**What is required**
Write out the entries below exactly, but only from the line containing "Italy rugby shirt" through the line containing "Dyson Airwrap stiliaus", and without the pictures.

**Input material**
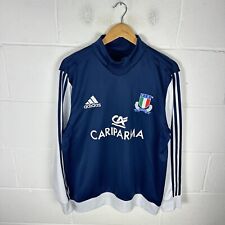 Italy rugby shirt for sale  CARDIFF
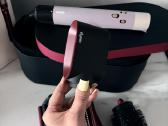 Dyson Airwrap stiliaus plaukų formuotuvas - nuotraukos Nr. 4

---

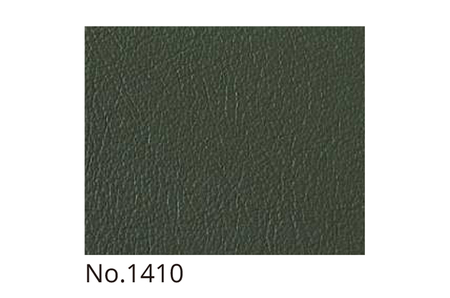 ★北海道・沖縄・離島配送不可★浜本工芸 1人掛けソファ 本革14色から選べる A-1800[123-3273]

**Expected output**
 Italy rugby shirt for sale  CARDIFF
 Dyson Airwrap stiliaus plaukų formuotuvas - nuotraukos Nr. 4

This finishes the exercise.